Planner or Pantser? That is the Question

            So you have an idea for a novel, but you’re just not sure how to proceed.  Should you start with an outline plotting out the entire book or just start writing, making it up as you go along?  If you take a survey of writers, novice and expert alike, you will get a plethora of answers on how to successfully start and finish a book.  The correct way, however, will depend upon the type of writer you are and your personal preferences.

            If your personality dictates that you must know precisely where you are going and how you will get there, you are a planner by nature and will tend to lean toward outlining your book before you attempt your first paragraph.  Outlines are like roadmaps.  They can be as detailed or as sketchy as needed.  If you are a AAA trip-tick or Mapquest enthusiast, this is probably your preferred method of writing madness and you are most likely a planner.

            Some planners like to write chapter outlines where they list the main events of each chapter under the chapter title.  This gives them a good overview of their story’s sequence and allows them to get from point A to point B in a nice orderly succession.  Other planners like to put down the “skeleton” of their story first and then fill it in with the “meat” or details, taking a general to specific approach.  Still others work backward, knowing the ending before they begin.  They start at the conclusion and backtrack, detailing the events that lead up to the grand finale.

            Many agents and publishers require an outline of a novel before they will look at anything else.  And though the outline might be an excruciating chore, it does make writing the novel much easier.  Some writers, however, feel that once the outline is written, they are married to it.  Unless the outline is chiseled in stone, you can change it and your story however you see fit.  There is no outline commandment that says, “Thou shall not change your mind once thou typest The End.”

            But there is something to be said for those writers who fly by the seats of their pants and do it with finesse.  These are known as pantsers.  These masters of the imagination can spin a yarn as easily as your grandmother crochets an afghan–intricate, flawless, and off the cuff.  Even when they write themselves into a corner, they find a trapdoor and escape.  These writers enjoy the freedom and excitement of the unknown.  And though they may not know where they are going or how they are going to get there, they enjoy the ride.

            But do not fear if neither approach appeals to you, for there is any number of degrees between the two extremes that are productive.  Scores of writers practice varying combinations of the two methods with great success.  My personal preference is to have a basic beginning, middle, and end in mind, while letting my writing take me where it will.

            When planning out a novel, I am not one to take the time to fill-in a sheet full of Roman numerals and letters, but I do have a vague mental roadmap in mind before I begin to type.  I like to start with my protagonist, making him or her a reluctant hero with genuine flaws.  The plot of my story revolves around this character’s problem and how it is resolved. 

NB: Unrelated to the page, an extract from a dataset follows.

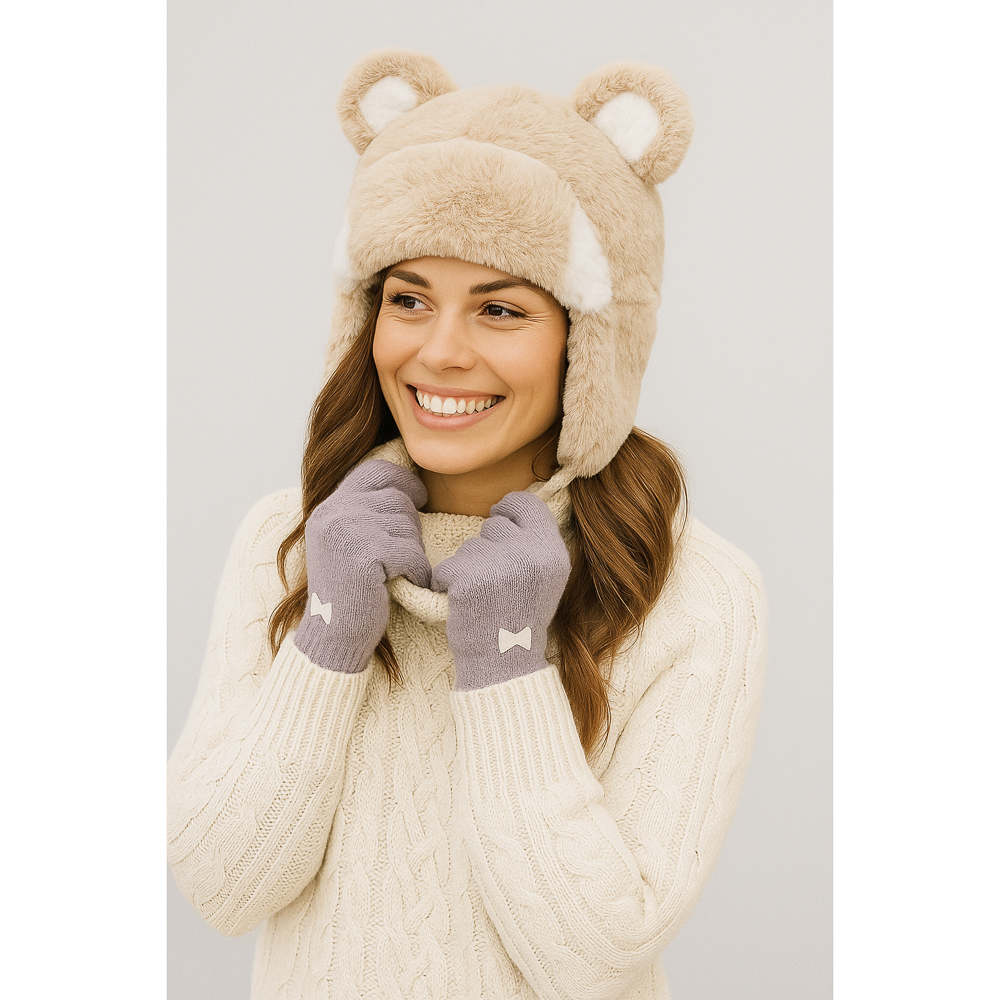 GALANTE Шапка-ушанка, р.56, 100% полиэфирное волокно, цвета в ас-те, ОЗ25-17, арт.№ 314-988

            Second, I add conflict.  Someone or something has to stand between the protagonist and his or her goal.  Without a villain or obstacle, there is no story.  The conflict can be man verses man, man verses nature, or man verses self.  Regardless of the type of conflict, there needs to be drama.  Without drama, a plot dies.  No one likes a story where everyone is content and happy from beginning to end.  But tell a story about someone facing a crisis, and you’ve got an audience.

            Third, I create my setting.  Though I am a fantasy writer, I do not design my story locations from scratch.  I like to research real places and time periods that fit my needs, and tweak them to fit my stories’ purposes.  For example, in my young adult fantasy novel, Island of Tory, I needed to set my story in a remote and mysterious place to suit the requirements of my plot.  I researched various Irish islands to find a real location that would lend itself to my story’s purpose and mood.  When I read about Tory’s history and legends, I knew I had the makings of the perfect setting for my book.

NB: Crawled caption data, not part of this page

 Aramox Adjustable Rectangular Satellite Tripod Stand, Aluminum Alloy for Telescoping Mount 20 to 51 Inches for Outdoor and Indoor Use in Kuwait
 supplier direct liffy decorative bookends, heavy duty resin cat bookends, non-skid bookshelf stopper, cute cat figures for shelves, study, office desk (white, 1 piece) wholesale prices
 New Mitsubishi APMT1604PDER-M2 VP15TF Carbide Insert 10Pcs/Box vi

            Once I have the protagonist, conflict, and setting of my novel nailed down, I improvise and adlib the rest, adding characters and events like pavers in a road to the finish.  So if I had to define myself as one or the other, planner or pantser, I guess I’m a Mudblood.  My flavor of writing is a fusion of the two in varying degrees, depending on the story at hand.  And if a random survey of writers was taken, I doubt that most would fit neatly into one of the two categories. 

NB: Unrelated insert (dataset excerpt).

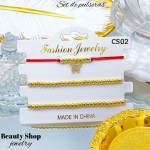 Set de pulsera en tendencia (2.8*) 15&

            So, planner or pantser?  That is the question.  I say…yes.

The Voices in Your Head

            Ghosts, spirit guides, mental illness?  There is any number of explanations for hearing voices.  Gift or curse, the phenomenon is very real for some, and most cultures do not consider it normal.  In his song Voices in My Head, Bruno Mars expresses the question “Is it strange I believe them again?  Voices in my head.”

            The most widely accepted theory for the cause of disembodied voices is mental illness.  Whenever someone experiences sensory perceptions outside of the norm, society chooses to label them with any number of mental disorders.  At first, the individual may be diagnosed with excessive stress.  Post-traumatic stress syndrome is a condition attributed to individuals having an adverse psychological reaction to a highly stressful event.  It is characterized by depression, anxiety, flashbacks, recurrent nightmares, and hearing or seeing things that aren’t there.  Schizophrenia is another mental illness associated with hearing voices.  A schizophrenic individual may experience hallucinations or delusions.  Schizophrenics are characterized by a loss of contact with their environment and a disintegration of personality.  For many, hearing voices equals mental incompetence.

            There are, however, those of the thought that hearing voices is the special ability to tune into beings from another plane of existence.  Some people, referred to as sensitives, claim the ability to communicate with the deceased as well as inhuman spirits such as ghosts, guides, angels, and dark entities.  The voices may sound like an echo or emerge as sudden and unexpected thoughts.  Cases have even been noted where the voices appear as block print inside an individual’s head.  Some individuals can have conversations with the voices, while others can only listen.  Electronic voice phenomenon or EVP’s are sited by many as further proof of the existence of disembodied voices.  EVP’s are said to be at a frequency unintelligible to the human ear, but may be audible to some sensitives.

            “I knew the words couldn’t be real, but the sound of their voices still rang in my ears.  I clasped my fist to my ears, blocking out the insanity trying to move in,” from the young adult fantasy novel Island of Tory.  In the book, Arella Cline is haunted by the voices of her deceased parents after she is the sole survivor of a fatal car crash.  Island of Tory is due for release by Loconeal Publishing in March 2012.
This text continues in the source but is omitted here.